"Last Monday morning, the nation woke to the news of the death of the mastermind of the 9/11 attacks and the nation's most wanted criminal who met the same fate that he imposed on more than 3,000 citizens," said Maj. Gen. Karl R. Horst, commanding general, Joint Force Headquarters National Capital Region and the U.S. Army Military District of Washington, during a ceremony at Fort Lesley J. McNair, Washington, D.C., May 9.
"Last Sunday's actions are a striking example of American commitment; that same commitment that brings us here today, to dedicate a small, humble piece of stone, that in another time and another place will seem trivial and inconsequential," Horst continued.
A stone from the Pentagon's impact site was dedicated to members of the Military District of Washington, to include the 3d U.S. Infantry Regiment (The Old Guard), who assisted with recovery operations following the attacks.
Sgt. Nicholas Pata, currently in The Old Guard, Caisson Platoon, was a volunteer firefighter in Rockland County, N.Y. during the attacks on the World Trade Center.
"I feel a bit of closure but not fully," said Pata, who currently volunteers for Prince George's County, Md., fire department. "That was the catalyst that gave me the push to join the military and for the people I knew from those events."
While Pata responded to the tragic events that took place at the World Trade Center, Soldiers in The Old Guard at Fort Myer, Va. responded to the attacks at the Pentagon.
Among The Old Guard responders was Sgt. 1st Class Jonathan Coombs, who remembers walking out of his company building to see jet black smoke billowing up in the sky.
"Weapons were issued and we manned all of the walls of Fort Myer and the cemetery," said Coombs.
Sgt. 1st Class William Cramer was preparing his uniform while watching breaking news of the Pentagon on fire from the television.
"There was silence in the dayroom; you could hear a pin drop," said Cramer. "We were the 'ready' company for the Regiment that day so we immediately dressed into our Battle Dress Uniforms and were the first to arrive on scene from The Old Guard."
During the first few days, Old Guard Soldiers performed search and rescue operations to find survivors and assisted local fire and rescue authorities to find and recover remains.
"A big chunk of my innocence was lost that day," said Cramer.

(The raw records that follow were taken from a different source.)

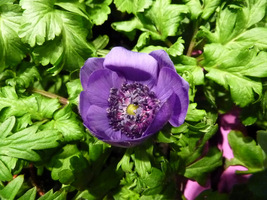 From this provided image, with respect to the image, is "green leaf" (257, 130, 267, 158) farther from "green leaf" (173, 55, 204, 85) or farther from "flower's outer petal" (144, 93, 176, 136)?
"flower's outer petal" (144, 93, 176, 136)

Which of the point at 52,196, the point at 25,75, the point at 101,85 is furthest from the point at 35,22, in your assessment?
the point at 52,196

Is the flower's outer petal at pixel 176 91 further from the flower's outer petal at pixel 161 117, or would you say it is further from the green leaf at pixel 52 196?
the green leaf at pixel 52 196

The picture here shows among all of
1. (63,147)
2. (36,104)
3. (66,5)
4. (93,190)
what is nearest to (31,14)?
(66,5)

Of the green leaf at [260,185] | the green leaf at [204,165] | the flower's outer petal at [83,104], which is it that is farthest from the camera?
the green leaf at [204,165]

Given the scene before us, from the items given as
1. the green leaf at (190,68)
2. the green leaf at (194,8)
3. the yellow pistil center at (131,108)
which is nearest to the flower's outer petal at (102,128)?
the yellow pistil center at (131,108)

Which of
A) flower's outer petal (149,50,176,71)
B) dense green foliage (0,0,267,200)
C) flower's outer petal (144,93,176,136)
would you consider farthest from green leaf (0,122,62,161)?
flower's outer petal (149,50,176,71)

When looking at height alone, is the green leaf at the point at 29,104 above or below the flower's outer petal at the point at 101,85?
below

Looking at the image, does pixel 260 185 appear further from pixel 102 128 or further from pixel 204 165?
pixel 102 128

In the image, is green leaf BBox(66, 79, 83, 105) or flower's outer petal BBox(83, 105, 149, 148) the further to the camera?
green leaf BBox(66, 79, 83, 105) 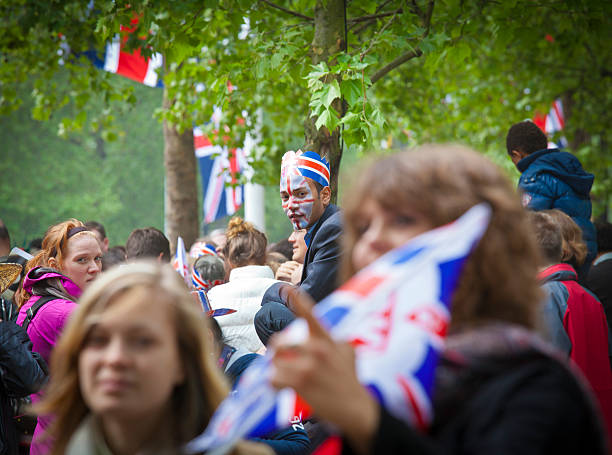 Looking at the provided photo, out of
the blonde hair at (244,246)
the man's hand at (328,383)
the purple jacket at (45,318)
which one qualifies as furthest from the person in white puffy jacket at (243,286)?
the man's hand at (328,383)

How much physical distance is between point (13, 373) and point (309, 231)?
196cm

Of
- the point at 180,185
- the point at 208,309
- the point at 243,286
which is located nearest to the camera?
the point at 208,309

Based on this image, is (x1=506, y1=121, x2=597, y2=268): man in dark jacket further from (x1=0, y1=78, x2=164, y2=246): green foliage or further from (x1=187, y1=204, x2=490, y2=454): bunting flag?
(x1=0, y1=78, x2=164, y2=246): green foliage

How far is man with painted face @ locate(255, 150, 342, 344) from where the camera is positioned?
426cm

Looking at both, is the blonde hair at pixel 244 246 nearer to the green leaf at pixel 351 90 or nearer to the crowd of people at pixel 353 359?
the green leaf at pixel 351 90

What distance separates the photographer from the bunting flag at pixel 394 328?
4.30 ft

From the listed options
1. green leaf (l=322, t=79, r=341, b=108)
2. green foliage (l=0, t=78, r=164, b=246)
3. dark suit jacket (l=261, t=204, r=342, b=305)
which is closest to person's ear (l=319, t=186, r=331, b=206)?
dark suit jacket (l=261, t=204, r=342, b=305)

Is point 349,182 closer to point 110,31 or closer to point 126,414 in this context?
point 126,414

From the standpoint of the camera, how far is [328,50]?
19.1ft

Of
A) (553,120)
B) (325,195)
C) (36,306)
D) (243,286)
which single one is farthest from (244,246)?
(553,120)

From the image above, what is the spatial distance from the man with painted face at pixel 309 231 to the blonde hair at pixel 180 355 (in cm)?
233

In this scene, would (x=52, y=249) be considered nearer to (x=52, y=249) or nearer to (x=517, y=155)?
(x=52, y=249)

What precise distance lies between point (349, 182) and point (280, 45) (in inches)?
180

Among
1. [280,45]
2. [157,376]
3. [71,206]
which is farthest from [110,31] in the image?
[71,206]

"We were never trained for an event like this but we were actively engaged in it," said Sgt. 1st Class John Diggles, who was conducting funerals in Arlington National Cemetery when he heard the loud explosion.
In the following weeks, Soldiers wearing respirators, protective suits, rubber boots and gloves, helped sort through the debris so that the Federal Bureau Investigation agents could locate evidence and local search and rescue workers could locate remains.
"It was an 'out of body' experience that I was just waiting to wake up from," said Coombs.
In keeping with the Old Guard's tradition of honoring our fallen in Arlington National Cemetery, each victim received appropriate honors after being removed from the Pentagon area.
The stone from the Pentagon impact site finally found an appropriate resting place at Fort McNair. It will serve as a tribute to the 184 people perished and to those who assisted in the rescue and recovery efforts at the Pentagon and for the lives lost in Shanksville, Pa. and the World Trade Center in New York.
"September 11th was one of the darkest days for America but it was also the day that we rediscovered our compassion for goodwill, courage, resiliency and commitment. Firefighters, first-responders, law enforcement officers and Soldiers responded to an unimaginable scene with courage and a sense of selfless duty," said Horst.
The Old Guard continues to stand ready to defend and provide security for the National Capital Region in time of national emergency.